Chaque jour, Vincent Hervouet traite d’un sujet international.
Depuis samedi, l’armée turque mène l’offensive en Syrie contre les milices Kurdes de la région d’Afrine. Elle veut briser les peshmergas sur lesquels s’appuyait la coalition anti Daech.
C’est justement parce que les Américains recrutaient ces miliciens et forgeaient une armée de 30.000 hommes pour contrôler la frontière nord de la Syrie que la Turquie a lancé ses chars et ses bombardiers. Elle veut tuer ce projet dans l’œuf.
Pour les Turcs, les Unités de protection du Peuple, ce sont des terroristes kurdes, une filiale du PKK contre lequel ils mènent une guerre sans merci depuis près de quarante ans.
Pour les Occidentaux, au contraire, les Peshmergas sont ceux qui ont tenu Kobané, infligeant à Daech sa première défaite, ceux qui ont pris Raqqa, la capitale syrienne du califat. Ils sont les fantassins de la coalition.

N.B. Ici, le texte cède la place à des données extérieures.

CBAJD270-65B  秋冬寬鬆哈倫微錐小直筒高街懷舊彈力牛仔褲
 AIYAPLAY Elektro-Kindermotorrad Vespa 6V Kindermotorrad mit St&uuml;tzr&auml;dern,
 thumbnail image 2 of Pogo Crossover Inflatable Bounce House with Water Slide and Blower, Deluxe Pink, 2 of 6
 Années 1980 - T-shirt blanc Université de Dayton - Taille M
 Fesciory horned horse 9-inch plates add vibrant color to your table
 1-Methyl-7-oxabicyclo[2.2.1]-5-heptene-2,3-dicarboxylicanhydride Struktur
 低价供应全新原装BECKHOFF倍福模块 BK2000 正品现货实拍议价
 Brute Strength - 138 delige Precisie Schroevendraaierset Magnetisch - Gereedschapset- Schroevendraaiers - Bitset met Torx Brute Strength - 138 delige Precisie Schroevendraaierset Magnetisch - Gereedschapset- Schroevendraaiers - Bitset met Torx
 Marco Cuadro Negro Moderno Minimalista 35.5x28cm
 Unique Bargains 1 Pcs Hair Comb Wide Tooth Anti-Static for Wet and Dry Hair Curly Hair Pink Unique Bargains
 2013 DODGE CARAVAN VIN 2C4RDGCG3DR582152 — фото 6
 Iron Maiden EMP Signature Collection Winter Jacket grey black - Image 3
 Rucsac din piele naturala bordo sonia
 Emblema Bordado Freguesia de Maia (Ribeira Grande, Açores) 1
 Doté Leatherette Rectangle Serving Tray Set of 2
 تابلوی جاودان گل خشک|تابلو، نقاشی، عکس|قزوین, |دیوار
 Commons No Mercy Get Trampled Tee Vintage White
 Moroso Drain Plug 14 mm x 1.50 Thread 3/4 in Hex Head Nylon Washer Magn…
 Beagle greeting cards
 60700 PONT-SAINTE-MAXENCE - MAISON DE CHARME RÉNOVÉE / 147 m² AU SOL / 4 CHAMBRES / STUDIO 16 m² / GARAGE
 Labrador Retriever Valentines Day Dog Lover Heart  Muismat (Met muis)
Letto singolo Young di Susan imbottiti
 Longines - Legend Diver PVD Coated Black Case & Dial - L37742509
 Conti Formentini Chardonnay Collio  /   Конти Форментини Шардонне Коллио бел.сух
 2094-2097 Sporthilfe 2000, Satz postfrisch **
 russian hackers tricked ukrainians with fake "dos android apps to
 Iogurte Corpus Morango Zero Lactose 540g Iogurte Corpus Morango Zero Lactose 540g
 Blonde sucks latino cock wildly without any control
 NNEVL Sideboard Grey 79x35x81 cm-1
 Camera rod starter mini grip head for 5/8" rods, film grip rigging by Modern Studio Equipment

C’est un nouveau front en Syrie. Est-ce que c’est une nouvelle guerre qui commence entre Turcs et Kurdes ?
En Syrie, il y a et il y a eu plusieurs guerres à la fois. La guerre civile, la guerre à Daech, la guerre des Arabes et des Iraniens, celle des Russes, etc. Il y a tant d’acteurs, trop de retournements d’alliances, plus de règle du jeu. Comme au Liban autrefois, c’est un bazar.
La bataille en cours à Afrine risque de s’étendre à Kobané et Djezhiré, les deux autres enclaves kurdes. C’est une guerre de cantons, pas une guerre mondiale. Mais toutes les puissances sont au balcon.
Le chef de l’armée turque était à Moscou la semaine dernière, il a obtenu un feu vert des Russes ?
Les Russes sont trop contents d’humilier les Américains et de diviser l’Otan ! Ils n’aiment pas trop les milices arabes qu’utilise Ankara, des anciens du front al Nosra, toutes sortes de fanatiques tukrmènes et wahabites. Ils se disent qu’ils s’en occuperont plus tard.
REcep Tayip Erdogan lui n’a aucun complexe. Depuis trois jours, sa campagne de bombardement s’appelle Rameau d’Oliviers !
Au bout du compte, la Turquie est brouillée avec tous ses voisins mais elle a deux constantes. Primo, sa ligne rouge est intangible. La Turquie refuse tout embryon d’État kurde à sa frontière, qui entretiendrait la menace séparatiste chez elle. Avis aux Américains qui sont tentés de jouer le démembrement de la Syrie.
L’autre constante de la politique turque ?
Sa capacité de nuisance. Les Européens ne bougeront pas le petit doigt pour sauver les Kurdes. Ils ont besoin que la Turquie continue de bloquer les migrants. Et qu’elle continue de filtrer les djihadistes qui veulent rentrer à la maison.
Les Kurdes sont condamnés ?
Ils sont bons pour la guerre. Pas pour l’après-guerre. Elle leur a été fatale en Irak. Ils ont perdu les champs de pétrole et l’indépendance de facto dont ils jouissaient. En Syrie, idem. Ils ont parié sur les Américains au lieu de négocier avec Damas et avec les Russes. Ils risquent de tout perdre.